TASK MATERIAL:
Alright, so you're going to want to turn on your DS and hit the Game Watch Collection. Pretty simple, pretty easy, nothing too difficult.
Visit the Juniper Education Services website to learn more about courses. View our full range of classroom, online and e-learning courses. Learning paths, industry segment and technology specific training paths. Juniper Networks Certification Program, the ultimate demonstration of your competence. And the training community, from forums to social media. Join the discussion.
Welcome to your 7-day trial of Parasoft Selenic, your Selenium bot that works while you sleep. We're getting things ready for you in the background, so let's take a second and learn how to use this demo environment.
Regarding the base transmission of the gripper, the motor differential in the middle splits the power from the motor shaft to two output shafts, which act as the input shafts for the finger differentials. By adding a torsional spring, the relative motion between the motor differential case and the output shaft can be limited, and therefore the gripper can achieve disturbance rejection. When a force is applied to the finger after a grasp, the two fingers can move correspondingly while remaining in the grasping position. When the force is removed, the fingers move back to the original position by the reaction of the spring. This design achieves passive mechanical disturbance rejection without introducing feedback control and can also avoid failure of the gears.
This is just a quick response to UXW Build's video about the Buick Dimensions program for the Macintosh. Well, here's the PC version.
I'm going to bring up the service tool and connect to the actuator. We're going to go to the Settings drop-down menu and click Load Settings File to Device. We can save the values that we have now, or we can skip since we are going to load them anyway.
...
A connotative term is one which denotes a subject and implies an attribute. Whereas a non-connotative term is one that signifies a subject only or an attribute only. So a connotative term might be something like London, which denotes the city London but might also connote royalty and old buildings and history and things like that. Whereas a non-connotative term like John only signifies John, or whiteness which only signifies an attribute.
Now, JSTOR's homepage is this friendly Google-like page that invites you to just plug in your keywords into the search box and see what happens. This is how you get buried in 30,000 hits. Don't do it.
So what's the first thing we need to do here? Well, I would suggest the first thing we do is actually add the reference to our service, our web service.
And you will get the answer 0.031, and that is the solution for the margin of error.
* * *
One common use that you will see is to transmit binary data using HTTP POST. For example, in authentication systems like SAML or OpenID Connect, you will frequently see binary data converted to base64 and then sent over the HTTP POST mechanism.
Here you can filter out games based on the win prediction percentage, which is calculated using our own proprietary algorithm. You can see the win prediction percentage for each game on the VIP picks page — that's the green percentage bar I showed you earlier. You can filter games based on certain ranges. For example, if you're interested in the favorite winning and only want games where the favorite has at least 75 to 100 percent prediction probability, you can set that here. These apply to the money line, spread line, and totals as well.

TASK TO CARRY OUT: For the material above, what is the count of lines that hold the word "about"? Give the number by itself.

YOUR RESPONSE: 2